**Recorded data**

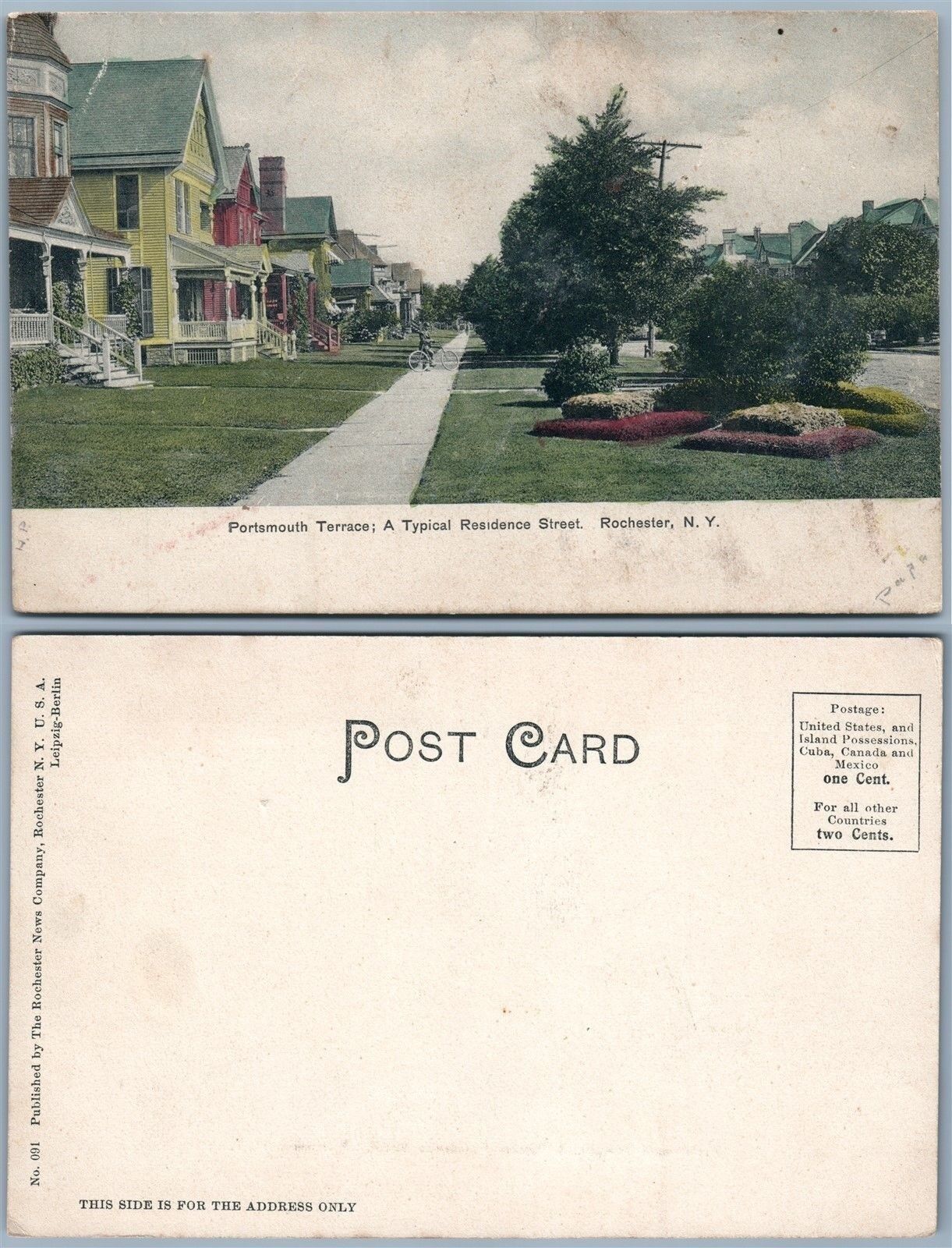 ROCHESTER N.Y. PORTSMOUTH TERRACE RESIDENCE STREET UNDIVIDED ANTIQUE POSTCARD
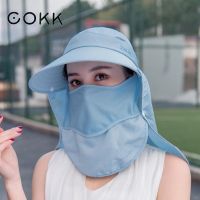 Topi Bucket สำหรับผู้หญิงหมวก COKK หมวกฤดูร้อนสำหรับผู้หญิงหมวกบังแดดที่มีครีมกันแดดระบายอากาศได้หมวกชายทะเลสำหรับผู้หญิงใหม่หมวกกันแดดปีกกว้างผู้หญิง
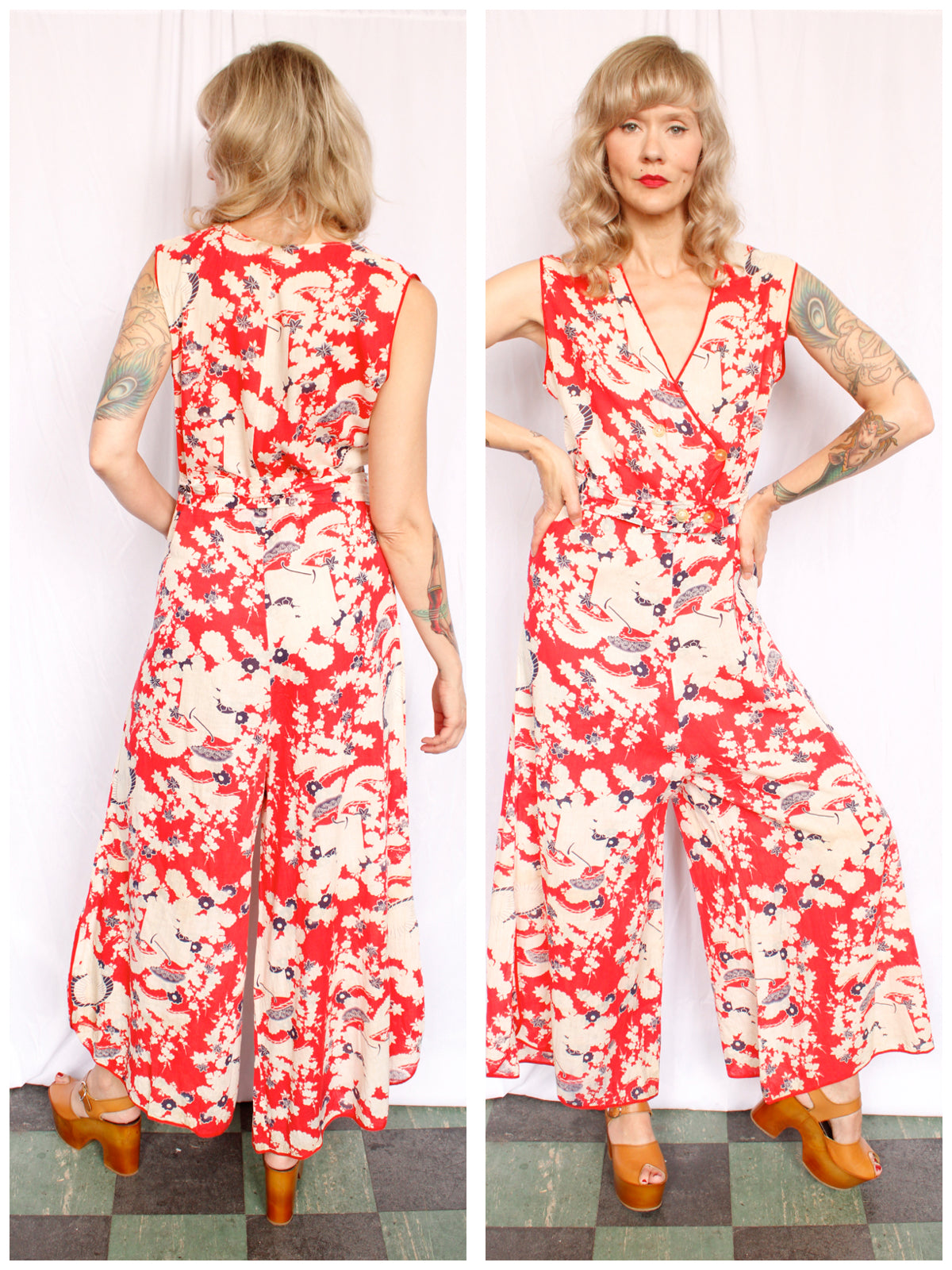 1920s Summer on the Pacific Beach Pajamas - Medium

**What is required**
Retype the data exactly; images stay out.

**Response for this exercise**
 ROCHESTER N.Y. PORTSMOUTH TERRACE RESIDENCE STREET UNDIVIDED ANTIQUE POSTCARD
 Topi Bucket สำหรับผู้หญิงหมวก COKK หมวกฤดูร้อนสำหรับผู้หญิงหมวกบังแดดที่มีครีมกันแดดระบายอากาศได้หมวกชายทะเลสำหรับผู้หญิงใหม่หมวกกันแดดปีกกว้างผู้หญิง
 1920s Summer on the Pacific Beach Pajamas - Medium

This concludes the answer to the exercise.